» **Data supplied**:
==========

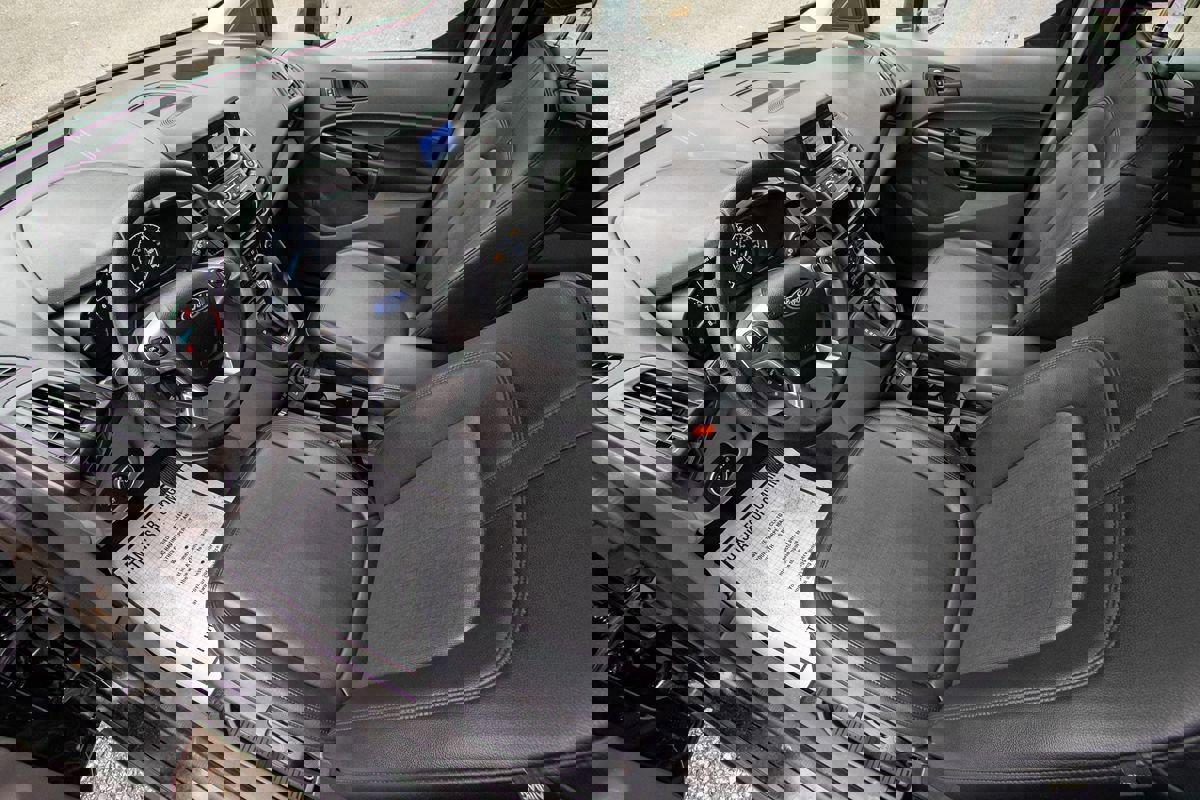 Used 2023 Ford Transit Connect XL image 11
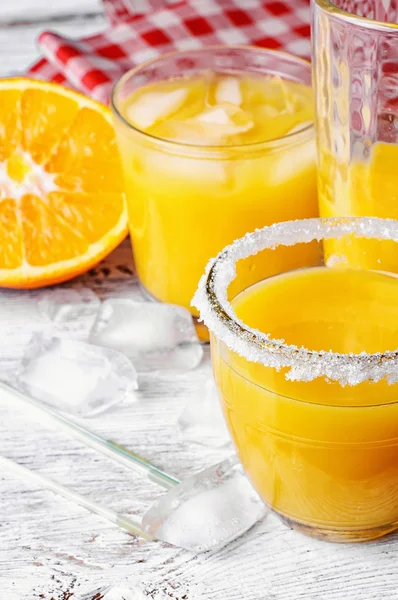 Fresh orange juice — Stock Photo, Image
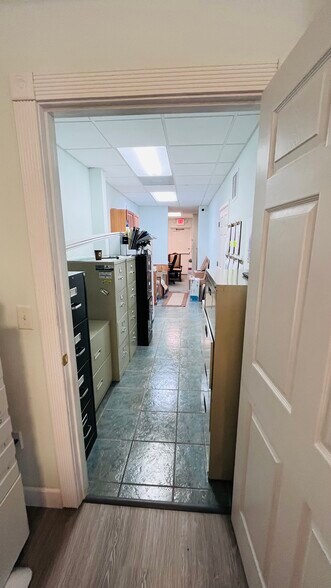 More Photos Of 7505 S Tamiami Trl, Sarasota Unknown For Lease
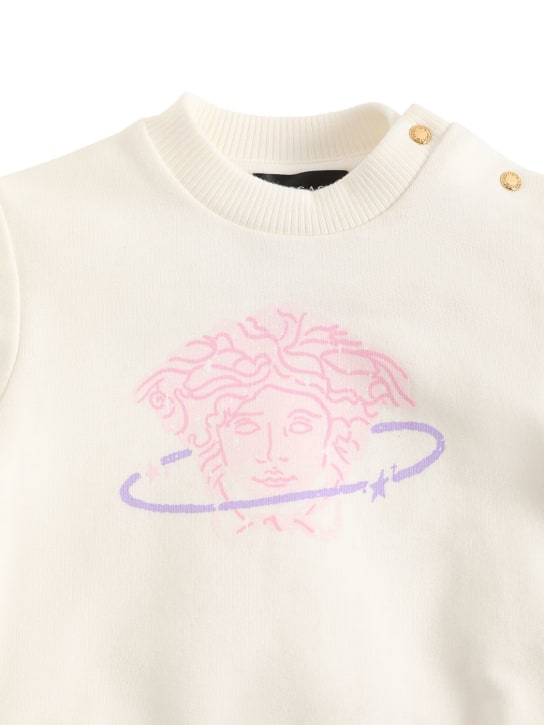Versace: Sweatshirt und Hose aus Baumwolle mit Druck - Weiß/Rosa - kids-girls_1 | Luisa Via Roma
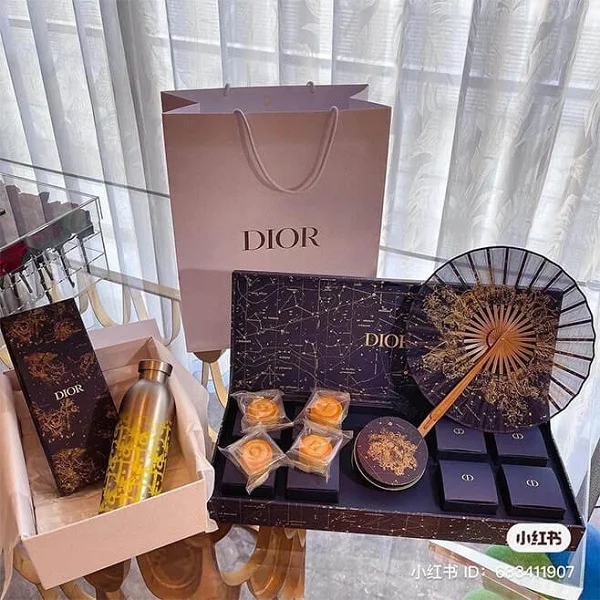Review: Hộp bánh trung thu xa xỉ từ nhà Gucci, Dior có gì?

==========

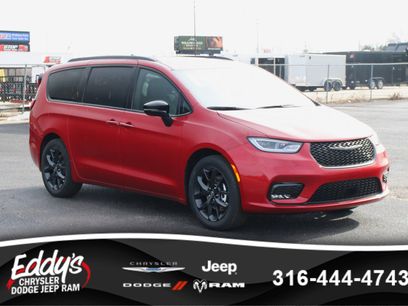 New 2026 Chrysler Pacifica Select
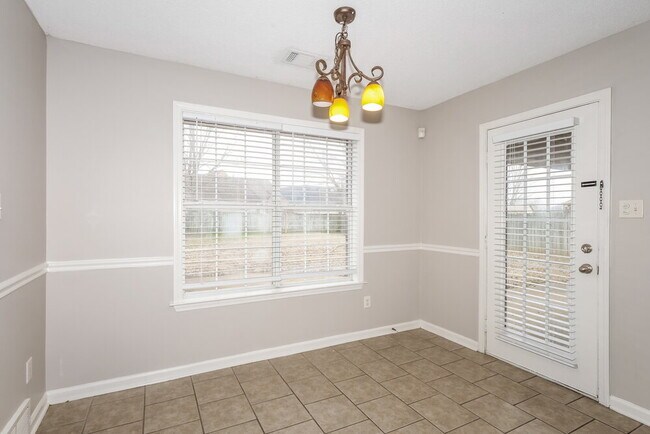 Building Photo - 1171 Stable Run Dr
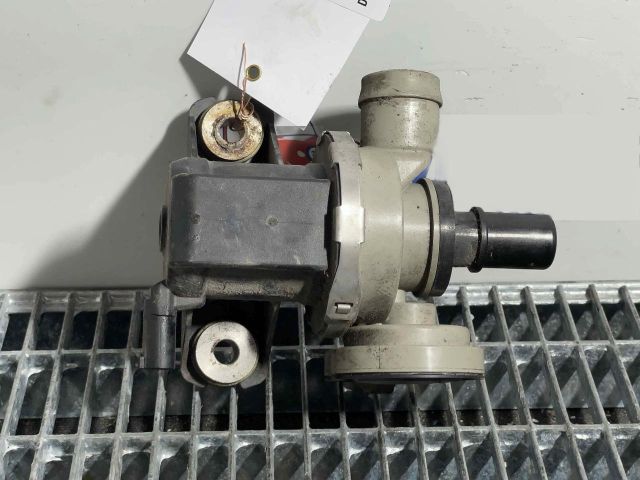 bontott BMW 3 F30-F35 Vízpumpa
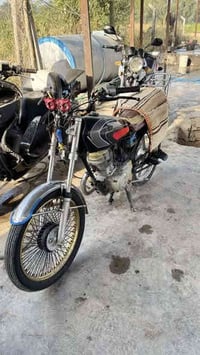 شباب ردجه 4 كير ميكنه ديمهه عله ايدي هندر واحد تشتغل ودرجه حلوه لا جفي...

==========

» **Work request**: Starting with the line that has "Used 2023 Ford Transit Connect XL image 11" and going on through the line that has "Review: Hộp bánh", transcribe the records above exactly, but skip the pictures.

» **Response below**:
 Used 2023 Ford Transit Connect XL image 11
 Fresh orange juice — Stock Photo, Image
 More Photos Of 7505 S Tamiami Trl, Sarasota Unknown For Lease
Versace: Sweatshirt und Hose aus Baumwolle mit Druck - Weiß/Rosa - kids-girls_1 | Luisa Via Roma
Review: Hộp bánh trung thu xa xỉ từ nhà Gucci, Dior có gì?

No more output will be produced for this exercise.